It seems that I have slowed down my reading, but this is not true. I have slowed down my writing about said reading. I have slowed down my writing about everything, actually: Independent Clauses has been painfully slow, this here blog has been at a dead stop, Peter C. Myers is about to kill me for not working on Sangtera, and I haven’t written a song in months. I’ve been keeping Gospelized moving at a fairly regular clip, but even that has been subject to some stumbles.

There are decent reasons for this pause in productivity (health issues, logistical problems, emotional exhaustion, etc.), but God is working the problems out. I’m standing around and watching, honestly. I haven’t had the energy to do much more than trust that God’s going to be God and do what is best. That takes a considerable amount of energy, lest you scoff.

I have, however, started a new fiction project. Having gotten The Greater Clothes Exchange of the Universe stuck at a major plot point of which I can’t currently solve, I’ve tabled it along with The Last Unicorns on Earth (if they’re in the same place as my abandoned short story ideas, they’re having quite a crowded rave party, I must say). Never fear, though; this new fiction project has a beginning, middle and end. It may end up being a novella, but nevertheless I am confident that the existence of an outline will help see it through to completion. I am also going to write it as quickly as possible so that I am not burned out when the editing process hits. I am not really sure how fast is “as fast as possible,” but I’ll keep the news flowing. The working title is “The Fire Administration Company.”

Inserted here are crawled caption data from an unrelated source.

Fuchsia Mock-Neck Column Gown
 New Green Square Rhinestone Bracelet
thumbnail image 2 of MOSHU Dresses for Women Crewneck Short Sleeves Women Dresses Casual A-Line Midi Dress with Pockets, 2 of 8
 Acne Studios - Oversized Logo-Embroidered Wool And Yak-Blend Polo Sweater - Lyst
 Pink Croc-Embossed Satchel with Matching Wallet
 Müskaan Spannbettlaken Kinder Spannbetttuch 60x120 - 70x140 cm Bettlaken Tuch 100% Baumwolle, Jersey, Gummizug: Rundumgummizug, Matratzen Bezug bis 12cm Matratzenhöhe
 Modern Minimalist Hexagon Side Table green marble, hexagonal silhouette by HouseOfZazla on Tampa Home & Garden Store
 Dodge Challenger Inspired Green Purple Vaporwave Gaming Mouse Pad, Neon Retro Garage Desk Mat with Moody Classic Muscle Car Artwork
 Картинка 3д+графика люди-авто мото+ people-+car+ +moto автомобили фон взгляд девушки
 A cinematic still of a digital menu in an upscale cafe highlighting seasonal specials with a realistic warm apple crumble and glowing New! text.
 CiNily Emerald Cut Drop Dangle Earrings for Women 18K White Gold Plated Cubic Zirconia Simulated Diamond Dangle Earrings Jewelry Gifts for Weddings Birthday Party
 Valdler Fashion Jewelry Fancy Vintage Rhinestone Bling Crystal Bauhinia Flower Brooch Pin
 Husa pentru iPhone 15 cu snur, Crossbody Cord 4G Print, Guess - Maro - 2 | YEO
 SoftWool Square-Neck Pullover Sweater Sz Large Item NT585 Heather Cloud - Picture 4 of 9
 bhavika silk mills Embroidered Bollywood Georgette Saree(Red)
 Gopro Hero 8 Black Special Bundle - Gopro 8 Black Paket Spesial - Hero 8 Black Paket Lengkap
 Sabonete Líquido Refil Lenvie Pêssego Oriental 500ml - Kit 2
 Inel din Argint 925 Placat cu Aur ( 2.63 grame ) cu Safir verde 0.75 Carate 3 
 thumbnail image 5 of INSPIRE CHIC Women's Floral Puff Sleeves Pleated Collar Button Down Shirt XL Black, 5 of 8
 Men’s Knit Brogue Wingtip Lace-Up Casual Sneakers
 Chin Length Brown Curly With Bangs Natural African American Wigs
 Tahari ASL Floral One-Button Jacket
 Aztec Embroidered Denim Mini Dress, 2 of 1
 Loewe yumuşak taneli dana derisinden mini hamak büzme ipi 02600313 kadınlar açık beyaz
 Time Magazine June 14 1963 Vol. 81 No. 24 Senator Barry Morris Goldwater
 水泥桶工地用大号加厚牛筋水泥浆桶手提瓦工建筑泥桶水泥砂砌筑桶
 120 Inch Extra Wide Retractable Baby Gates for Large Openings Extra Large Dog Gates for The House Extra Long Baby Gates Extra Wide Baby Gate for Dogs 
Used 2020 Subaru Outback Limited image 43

I’m hitting a bunch of concerts this fall: I have my tickets for Sufjan Stevens (DAL) and the Mountain Goats (OKC) already, I’m planning on buying tickets for Mumford and Sons in Dallas November 4th, and I’m debating going down for the Tallest Man on Earth on September 17 and Avett Brothers in OKC sometime. I’ve seen the Avetts twice, so that one isn’t a huge concern for me; but if there’s a good party of people going, I could easily be enticed to see them jump around with a banjo and a double bass.

Opolis also has a mega-awesome slate of shows for fall, and I’m sure I’ll hit the Appleseed Cast, among other shows.

Sufjan’s new EP is strange and wonderful. Arcade Fire’s new album tries hard to be epic and mostly succeeds. Tokyo Police Club’s Champ is still a bunch of pensive guys trying endearingly to be energetic.  Fall music is just around the corner, which means I’ll be busting out Damien Jurado’s Rehearsals for Departure a lot more than I have in the past eight months.

And with that, the dark comes earlier and earlier, which is where the middle third of today’s far-too-long title comes from. I dislike that, but I like the temperatures it brings. Can I have long days of cold weather? Do I have to go the Arctic Circle for this? Or does this happen in Canada somewhere?

So Gospelized has been a great success so far in my book: I enjoy doing the work immensely, and people are responding critically and with congratulations. I can not ask for much more out of a project.

Peter C. Myers and I are starting up serious work on our fantasy novel. I am incredibly excited about this; Peter C. Myers’ thoughtful friendship and joie de vivre are encouragements to my soul.

Independent Clauses needs some new writers; it has come down to solely me. While I’m okay with this, the growing stack of music on my desk is not.

I’ve put The Greater Clothes Exchange of the Universe and The Last Unicorns on Earth on hold right now. I am focused on Gospelized and the fantasy novel (which I will soon unveil the title for, as soon as we have a working one!).

I’ve been reading a great deal of literature about Christian art, as well as Christian art itself. I have Dick Staub‘s The Culturally Savvy Christian sitting next to me, as I’m half-finished with it. I recently purchased beautiful hardcover editions of Paradise Lost, The Poems of John Donne and The Confessions of St. Augustine; I have started in on the Donne so far. At the same incredible book sale, I purchased a softcover volume that includes all of the Chronicles of Narnia (side note: I almost wrote the Chronic WHAT cles of Nar-nia).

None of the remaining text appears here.